MOSCOW (MRC) -- Solvay SA, the 150-year-old company that’s moving from commodity chemicals to specialty materials and additives, will expand a high-performance plastics plant in India to cope with demand from smartphone and aircraft makers, said the producer in its press-release.
Production of polyether ether ketone polymer resins, known as PEEK, will increase 25 percent at the Panoli plant in the state of Gujarat, the Brussels-based company said today.
Chief Executive Officer Jean-Pierre Clamadieu’s strategy involves focusing on higher-margin offerings amid a plan to exit cheaper polyvinyl chloride plastics through a joint venture. Demand for PEEK and related compounds is growing at about 8 percent to 10 percent annually as handset and tablet makers need heat- and chemical-resistant plastics to fit more technology into a smaller space.
“Today’s announcement to debottleneck capacity shows we are determined to keep pace with this growing demand worldwide,” Augusto Di Donfrancesco, Solvay’s head of specialty polymers, said in a statement.
Solvay’s increase in capacity is a further challenge to market leader Victrex Plc (VCT), carved out of Imperial Chemical Industries, and Evonik Industries AG. The three companies are the main suppliers of PEEK. Victrex reported a gross margin of 64 percent in the first half, with revenue jumping 13 percent.

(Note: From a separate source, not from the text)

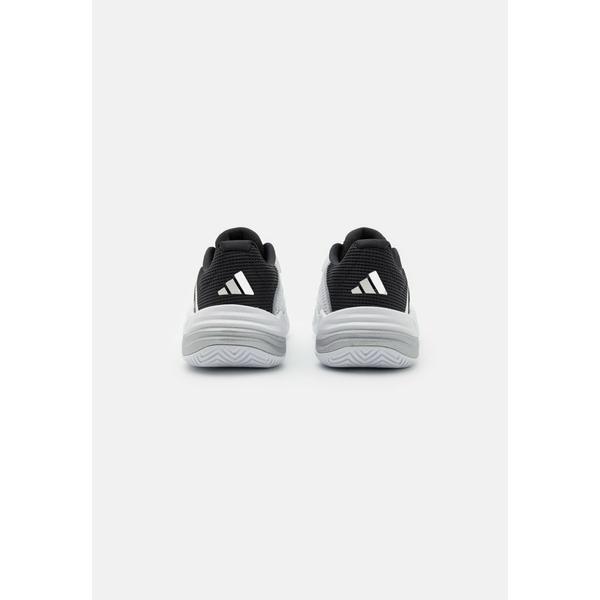 アディダス シューズ メンズ テニス BARRICADE 13 - Multicourt tennis shoes - footwear white/core black/grey three｜asty-shop2｜03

Solvay is an international chemicals and plastics company. In 2011, Solvay acquired Rhodia for approximately EUR 3.4 billion. Rhodia is one of the three sectors of activities of Solvay. Rhodia is a world leader in the development and production of specialty chemicals, and partner of major players in the automotive, electronics, flavors and fragrances, health, personal and home care markets, consumer goods and industrial markets.